Integration of satiety signals by the central nervous system

Abstract

Individual meals are products of a complex interaction of signals related to both short-term and long-term availability of energy stores. In addition to maintaining the metabolic demands of the individual in the short term, levels of energy intake must also maintain and defend body weight over longer periods. To accomplish this, satiety pathways are regulated by a sophisticated network of endocrine and neuroendocrine pathways. Higher brain centers modulate meal size through descending inputs to caudal brainstem regions responsible for the motor pattern generators associated with ingestion. Gastric and intestinal signals interact with central nervous system pathways to terminate food intake. These inputs can be modified as a function of internal metabolic signals, external environmental influences, and learning to regulate meal size.

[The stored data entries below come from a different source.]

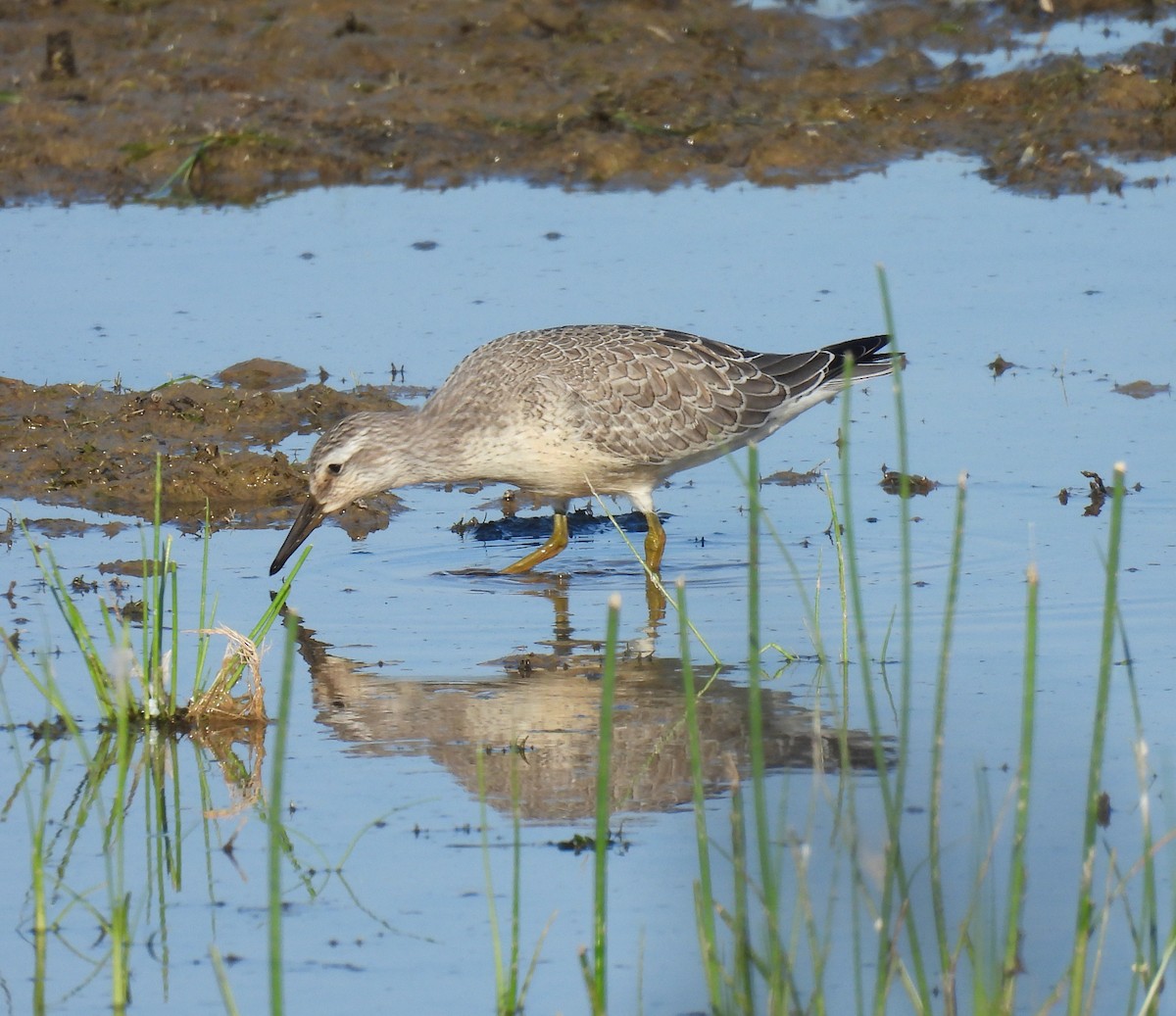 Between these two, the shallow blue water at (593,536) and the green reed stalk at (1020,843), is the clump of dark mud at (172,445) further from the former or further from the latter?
the green reed stalk at (1020,843)

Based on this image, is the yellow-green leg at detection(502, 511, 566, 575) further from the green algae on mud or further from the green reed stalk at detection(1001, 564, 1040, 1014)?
the green algae on mud

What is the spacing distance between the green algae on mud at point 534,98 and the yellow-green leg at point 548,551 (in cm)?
544

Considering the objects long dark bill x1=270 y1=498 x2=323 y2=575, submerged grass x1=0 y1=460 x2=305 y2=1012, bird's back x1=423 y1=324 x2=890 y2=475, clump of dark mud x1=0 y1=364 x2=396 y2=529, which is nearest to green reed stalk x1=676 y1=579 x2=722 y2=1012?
submerged grass x1=0 y1=460 x2=305 y2=1012

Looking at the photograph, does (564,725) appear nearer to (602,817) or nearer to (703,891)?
(703,891)

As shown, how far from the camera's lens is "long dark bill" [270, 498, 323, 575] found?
7.76m

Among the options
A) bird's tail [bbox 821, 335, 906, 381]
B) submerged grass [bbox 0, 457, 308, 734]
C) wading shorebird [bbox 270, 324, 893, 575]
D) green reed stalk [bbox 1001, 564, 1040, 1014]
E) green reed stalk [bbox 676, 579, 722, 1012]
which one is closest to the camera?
green reed stalk [bbox 1001, 564, 1040, 1014]

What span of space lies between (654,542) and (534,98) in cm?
712

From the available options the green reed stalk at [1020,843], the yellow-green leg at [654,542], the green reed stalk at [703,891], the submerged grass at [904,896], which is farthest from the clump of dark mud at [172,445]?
the green reed stalk at [1020,843]

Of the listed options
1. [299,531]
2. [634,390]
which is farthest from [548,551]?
[299,531]

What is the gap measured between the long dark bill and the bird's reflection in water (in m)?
0.61

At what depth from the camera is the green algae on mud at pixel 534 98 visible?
13625mm

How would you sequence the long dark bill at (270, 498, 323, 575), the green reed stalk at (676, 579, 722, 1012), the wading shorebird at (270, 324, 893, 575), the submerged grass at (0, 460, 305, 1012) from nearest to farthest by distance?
the green reed stalk at (676, 579, 722, 1012), the submerged grass at (0, 460, 305, 1012), the long dark bill at (270, 498, 323, 575), the wading shorebird at (270, 324, 893, 575)

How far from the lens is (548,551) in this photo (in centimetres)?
838

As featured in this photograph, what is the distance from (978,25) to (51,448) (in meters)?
10.4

Figure 1. Nutrient-sensing in intestinal I-cells

Luminal nutrients activate specialized receptors coupled to Gq proteins. The activation of PLC, and downstream effector pathways triggers membrane depolarization and the release of CCK which activates CCK1 receptors expressed on vagal afferent fibers. Following uptake into epithelial cells monoglycerides (MG) and free fatty acids (FA) can either diffuse across the cell and exit into circulation from the basolateral membrane, or be re-synthesized into triglycerides (TG) by the 2-monoglyceride (2MG) or α-glycerol-3 phosphate (G3P) pathways. The re-synthesized TG’s are assembled into chylomicrons before undergoing exocytosis by the golgi apparatus. Once in circulation, a portion of the Apo A-IV dissociates from the chylomicron and acts on CCK1 receptors via an unknown mechanism.

Figure 2. Nutrient-sensing in intestinal L-cells

G-protein coupled receptors and their effector pathways that have been identified as potential nutrient sensors on intestinal L-cells. Activation of these receptors triggers elevations in intracellular Ca²⁺ stores and the Ca²⁺ sensitive transient receptor potential channel M5 (TRPM5)[136, 137]. The resulting depolarization triggers the release of GLP-1 and the subsequent activation of GLP-1 receptors expressed on vagal afferent fibers.

Figure 3. Central nervous system integration of satiety signals

Examples of peripherally derived signals that act on central nervous system pathways to affect food intake. Nutrient-sensing is distributed across multiple regions of the central nervous system. Circuits in the hypothalamus (hypo) and brainstem interact with higher centers to initiate and terminate meals.